Problem to solve:
Given the records below, would you repeat exactly the lines that begin at the one containing "Snapshot of laura__js_" and end at the one containing "Lãnh đạo Ban", inclusive?

Material for this task:
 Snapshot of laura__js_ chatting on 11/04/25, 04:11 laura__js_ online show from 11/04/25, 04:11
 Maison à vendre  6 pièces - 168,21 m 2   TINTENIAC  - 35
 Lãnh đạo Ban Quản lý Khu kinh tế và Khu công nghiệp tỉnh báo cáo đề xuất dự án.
...
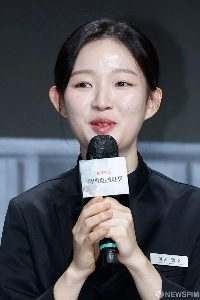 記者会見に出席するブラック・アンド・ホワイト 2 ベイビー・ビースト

Task result:
 Snapshot of laura__js_ chatting on 11/04/25, 04:11 laura__js_ online show from 11/04/25, 04:11
 Maison à vendre  6 pièces - 168,21 m 2   TINTENIAC  - 35
 Lãnh đạo Ban Quản lý Khu kinh tế và Khu công nghiệp tỉnh báo cáo đề xuất dự án.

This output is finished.